Kur’an’daki tekrarların işlevini şu iki sûre bağlamında mülahaza edelim: “Allah Teâlâ, Rahman Sûresi’nin ikinci ayetinde Rahman’ın Kur’an’ı öğrettiğini, (عَلَّمَ الْقُرْآن), üçüncü ayette ise insanı yarattığını,(خَلَقَ الْإِنسَانَ) ifade eder. “Kur’an’ı öğretmeyi”, “insanı yaratma”dan önce zikrederek, “kulun bu Kur’an’ı öğrenmek ve Ona göre yaşamak için yaratıldığına” işaret eder. Sûre’nin baş tarafındaki 12 ayetle sûreye bir mukaddime yapar; âleme bir mizan koyduğunu bildirir. Farklı vurgularla “mizan” kelimesini üç defa tekrar ederek inse ve cinne dair pek çok nimetin hatırlatılacağı ve her birinin müstakil bir mevzu bağlamında ele alınacağı tekrarlara alıştırır. Nasıl ki her ders, her mesai, her ameliye benzer ifadelerle başlar ve biter. Kur’an da insan için hayati derecede önem arz eden her bir nimeti müstakil bir mevzu bağlamında değerlendirir ve her birinin sonunda ins ve cinne, فَبِأَيِّ آلَاء رَبِّكُمَا تُكَذِّبَانِ / Rabbinizin nimetlerinden hangisini yalanlıyorsunuz?” diye sorar.
Mürselât Sûresi’nde on yerde tekrar edilen وَيْلٌ يَوْمَئِذٍ لِّلْمُكَذِّبِينَ / Vay haline o gün yalanlayanların” ayetinde Allah Teâlâ on farklı mevzudan bahseder ve her birini müstakil bir konu olarak arz eder; فَإِذَا النُّجُومُ طُمِسَتْ Yıldızların ışığı söndürüldüğü zaman diye başlayan ve وَيْلٌ يَوْمَئِذٍ لِّلْمُكَذِّبِينَ “Vay haline o gün yalanlayanların” ayetiyle biten birinci bölüm kıyâmetten, 16. ve 19. ayetlerden oluşan ikinci bölüm ise önceki milletlerin yok olmaları yanında, Allah’ın hakikati yalanlayanlara karşı değişmez kanunlarının olduğunu bildirir. 20. ve 24. ayetlerden oluşan üçüncü bölüm ise yaratılıştan ve bunun ilham ettiği takdir ve tedbirlerden bahsediyor.

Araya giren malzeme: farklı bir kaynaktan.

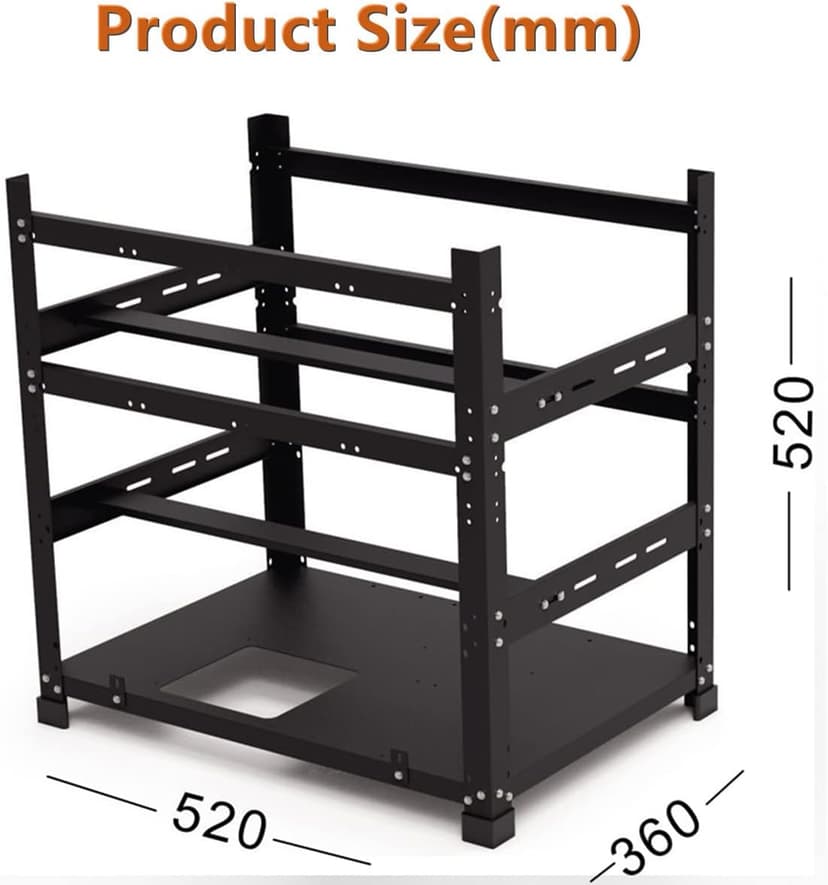 Mining Rig Frame for 12GPU, Steel Open Air Miner Mining Frame Rig Case, Support to Dual Power Supply for Crypto Coin Currency Bitcoin ETH ETC ZEC Mining Tools - Frame Only, Fans & GPU is not Included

Allah Teâlâ yaratılışın kodlarını unuttuğundan dolayı kendini kaybeden insanı, sûre içerisinde esasta birbirine bağlı, detayda farklı konularda ibret yolculuklarına çıkarır ve her yolculuğun nihayetinde وَيْلٌ يَوْمَئِذٍ لِّلْمُكَذِّبِينَ “Vay haline o gün yalanlayanların” ayetini zikrederek seyahati sonlandırır. Sûredeki her bir yolculuğun sonunda, insana Ahiret hatırlatılır, bir uyarı cümlesiyle ona “eşyayı gerçek şekliyle düşün”, denir. Tıpkı yolun ortasına yığılan bir sarhoşu polisin kaldırıp, “niçin eşyanın hakikatini yalanlarcasına, araçlara ait olan bu yolu yatak olarak kullanıyorsun?’’ şeklinde uyarması gibi. Sarhoş başka bir sokağa girip, öncekinde olduğu gibi yatarsa polis onu kaldırır ve yine aynı cümleyle ikaz eder. Allah Telala da وَيْلٌ يَوْمَئِذٍ لِّلْمُكَذِّبِينَ ayetini tekrar ederek dünyaya dalan ,bu dalışıyla da yaratılış amacını unutan insana “kendine gel” der.
İhsan Şenocak’ın Kur’ân-ı Kerîm Müdâfaası kitabının Kur’an Müdâfaası makalesinden alıntıdır.